The double recursive strategy search algorithm is based on Symbolic Automatic Parallel Planner (SAPP). The SAPP algorithm is able to instantly generate optimal strategy for huge networks and large-scale slicing. SAPP is modeled based on the principle of parallel, and describes the topology of hardware clusters by building an abstraction machine, and optimizes the cost model through symbolic simplicity.

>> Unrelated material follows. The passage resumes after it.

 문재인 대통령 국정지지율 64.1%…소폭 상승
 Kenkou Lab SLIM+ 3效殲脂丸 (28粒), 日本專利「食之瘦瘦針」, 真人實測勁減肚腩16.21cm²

The cost model compares the relative costs of different parallel strategy rather than the predicted absolute delay, thus greatly compressing the search space and guaranteeing minute-level search times for 100-card clusters.
Hardware platforms supported by the double recursive strategy search algorithm include Ascend, GPU, and need to run in Graph mode.
Related interfaces:
mindspore.set_auto_parallel_context(parallel_mode=ParallelMode.AUTO_PARALLEL, search_mode="recursive_programming")

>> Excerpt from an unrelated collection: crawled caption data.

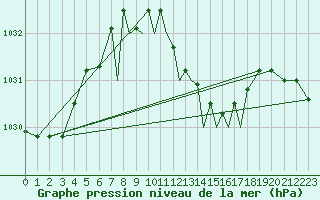 Courbe de la pression atmosphrique pour Farnborough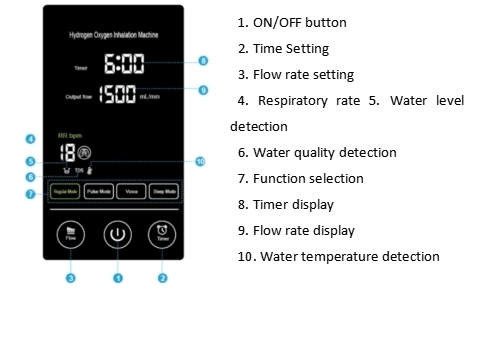 hydrogen absorption hydrogen absorption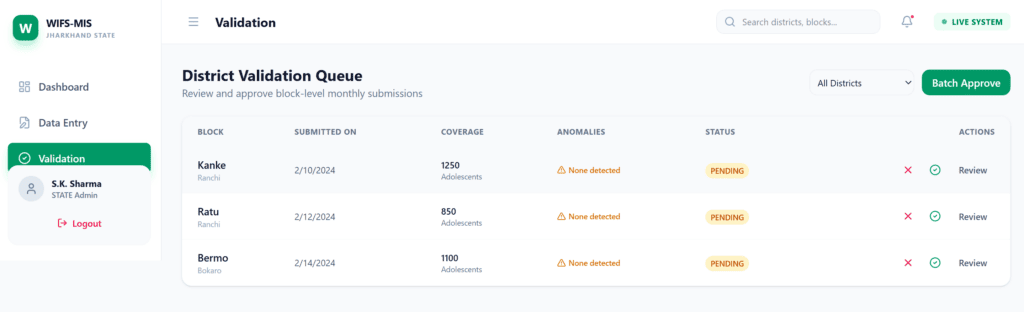 Case Study: Operationalization of WIFS-MIS Platform - 2018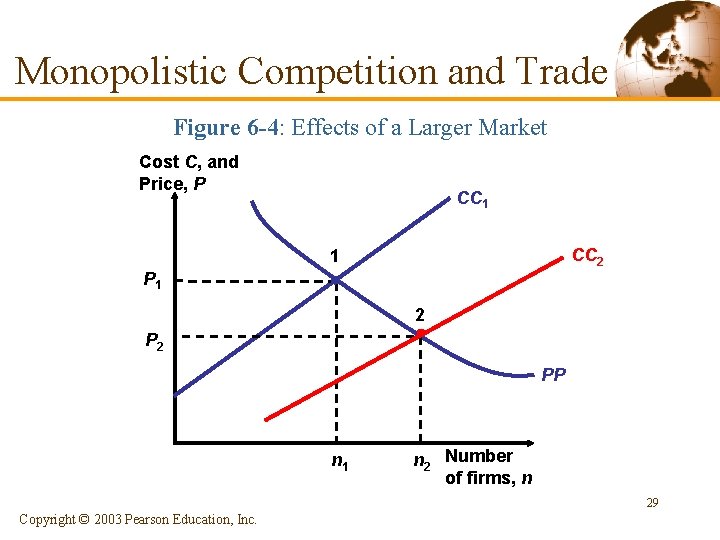 Monopolistic Competition and Trade Figure 6 -4: Effects of a Larger Market Cost C,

: Set the parallel mode to auto-parallel and the search mode to a double recursive strategy search algorithm.
No additional configuration is required for the double recursive strategy search algorithm, except for the context above.

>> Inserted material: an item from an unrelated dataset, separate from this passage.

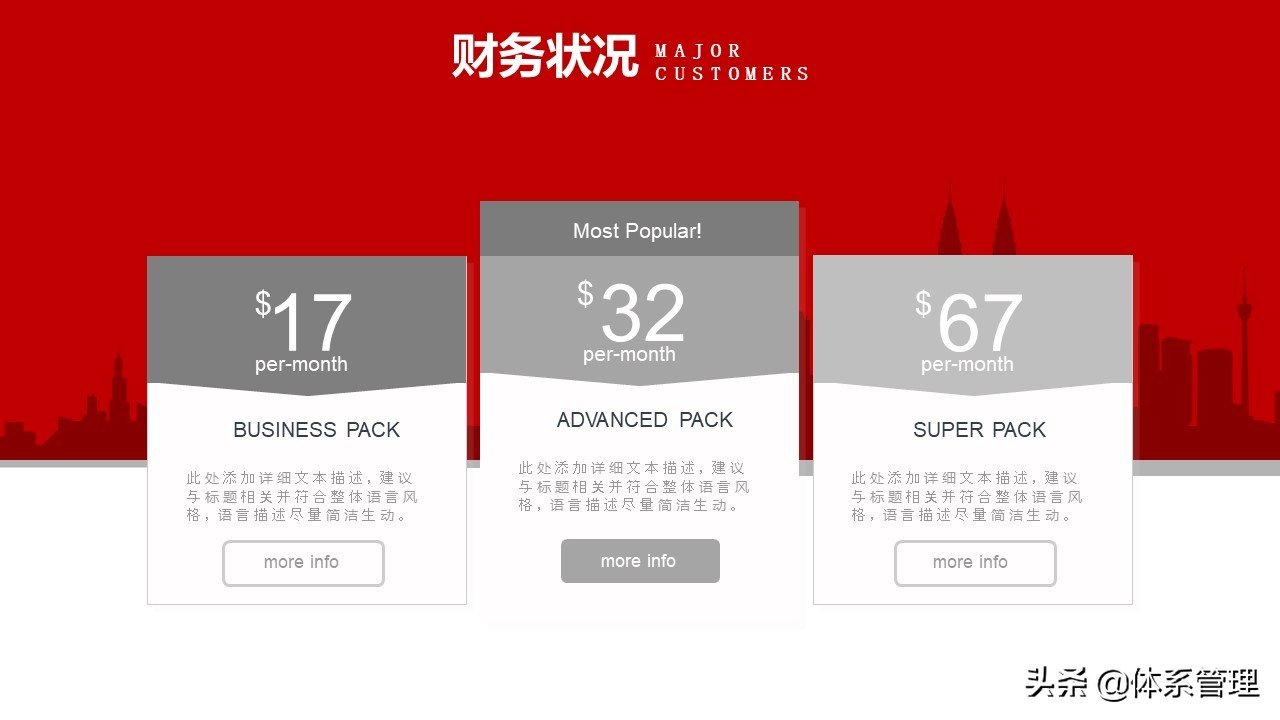 公司员工入职培训ppt完整版,员工入职培训ppt制作教程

The double recursive strategy search algorithm is a fully automatic operator-level strategy search scheme, where the user does not need to configure the model in any way, and the algorithm automatically searches for parallel policies that minimize the communication cost.
There are two core shortcomings of traditional automatic operator-level strategy search.
For the first problem, the double recursive strategy search algorithm summarizes its symmetric multi-order characteristics by abstracting the AI training cluster, so it can equivalently perform a recursive dichotomy to compress the search space due to the number of devices; on the other hand, the double recursive strategy search algorithm categorizes the communication cost of operators, compares the communication cost within the operators as well as the cost of rearrangement of the operators, and compresses the exponentially complex search complexity to a linear one by ranking the weights of the operators.
For the second problem, the double recursive strategy search algorithm builds a symbolic cost model, whereas the cost model of the traditional approach focuses on how to accurately predict the absolute delay of different strategies. The cost model of the double recursive strategy search algorithm compares the relative cost of different strategies, and thus saves significantly the cost of profiling.
Therefore, the double recursive strategy search algorithm is able to quickly generate optimal strategies for huge networks and large-scale cluster slicing. In summary, the double recursive strategy search algorithm is modeled based on the parallel principle, describes the hardware cluster topology by building an abstract machine, and simplifies the cost model by symbolization. Its cost model compares not the predicted absolute latency, but the relative cost of different parallel strategies, which can greatly compress the search space and guarantee minute-level search times for 100-card clusters.
The following is an illustration of the double recursive strategy search algorithm using the Ascend or GPU stand-alone 8-card example:
Download the complete example code: sapp.
The directory structure is as follows:
└─ sample_code
├─ sapp
├── train.py
└── run.sh
...
train.py
is the script that defines the network structure and the training process. run.sh
is the execution script.
Specify the run mode, run device, run card number through the context interface. Unlike single card scripts, parallel scripts also need to specify the parallel mode parallel_mode
as auto-parallel mode, the search mode search_mode
as double recursive strategy, and initialize HCCL or NCCL communication through init. The device_target
is automatically specified as the backend hardware device corresponding to the MindSpore package.
import mindspore as ms
from mindspore.communication import init
ms.set_context(mode=ms.GRAPH_MODE, save_graphs=2)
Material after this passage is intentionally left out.